Mark - think i will mate, have you had your done?


----------



## Kegman (Aug 4, 2007)

oil light came on, before i could get to garage it started knocking like hell, lucky i was yards away from the garage when the noise started, but really sudden


----------



## JAAYDE (Aug 15, 2006)

Scary stuff...

Whats was milege when it happened out of interest ?


----------



## Kegman (Aug 4, 2007)

80k, scared me sh*tless i can tell you :lol:


----------



## rustyintegrale (Oct 1, 2006)

Kegman said:


> 80k, scared me sh*tless i can tell you :lol:


Jesus that's feck all mileage! Was that with a full service history? Was it AFSH? What caused it and did Audi cough up?

That is just ridiculous. My Mk1 Golf GTI was on 189000 with no failings at all when I retired it. I thought we're supposed to have moved on techically since the 80s! :?

Cheers

Rich


----------



## Kegman (Aug 4, 2007)

full history, it was out of warranty with audi,,,,,,,,,,


----------



## JAAYDE (Aug 15, 2006)

Kegman said:


> full history, it was out of warranty with audi,,,,,,,,,,


Thanks for the info pal what did the pump cost?

Just looking at ordering.


----------



## rustyintegrale (Oct 1, 2006)

Kegman said:


> full history, it was out of warranty with audi,,,,,,,,,,


Sod the warranty, no goodwill???!!


----------



## John-H (Jul 13, 2005)

Oilpumps usually last the lifetime of the engine generally speaking but it was always considered good practice to replace it if you were reconditioning an engine.

There have been some issues with the the 1.8T (and probably others) on long service intervals where garages have used semi synthetic instead of fully synthetic and the organic part has broken down and formed sludge and blocked the oil strainer. I also wonder if this is made worse by not draining the sump from the sump plug but instead sucking it out throught he dipstick hole - debris is more likely to be left behind.

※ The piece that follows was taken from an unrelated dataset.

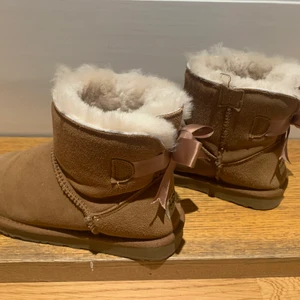 Uggs - Säljer mina jätte fina ljusbruna uggs med rosett där bak pga att dem är för små. Är använda väldigt sparsamt och i ett mycket fint skick. Vid intresse kan jag skicka fler bilder.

Blockages can also occur if the sump has been off for some reason and too much sealant has been used for the gasket and oozed out of the join internally, broken off and floated about.


----------



## gt russell (Nov 27, 2005)

Hi Jaayde , Its not too hard to take off the sump and do a replacement as i did in the summer , just dont use too much sealent :wink: the pump was i think Â£103 if i rember correctly , a small price to pay for piece of mind .
Just for the record mine was ok and the strainer was clean also you will need a new gasket for the turbo feed pipe :wink:


----------



## JAAYDE (Aug 15, 2006)

I've now ordered the parts and got carried away ... 

Oil pump, cam chain, cam chain tensioner...

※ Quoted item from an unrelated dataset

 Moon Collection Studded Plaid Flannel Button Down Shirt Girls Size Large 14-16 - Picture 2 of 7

gt russell - i won't be doing the work but thanks for the heads up on parts 

Thanks guys


----------



## gt russell (Nov 27, 2005)

yes cam chain tensioner is next on my list , now this is a bit of a bugger to change so might hang on for a while :wink:


----------



## John-H (Jul 13, 2005)

gt russell said:


> yes cam chain tensioner is next on my list , now this is a bit of a bigger to change so might hang on for a while :wink:


I think you can change it without taking the cam belt off - not acording to the workshop manual however :wink: .


----------



## gt russell (Nov 27, 2005)

hi John , yes it is possible i was told from Craige (XTR ) as he changed his , he took out the rear cam only im just waiting till he gets me the tool when he finds it hehe


----------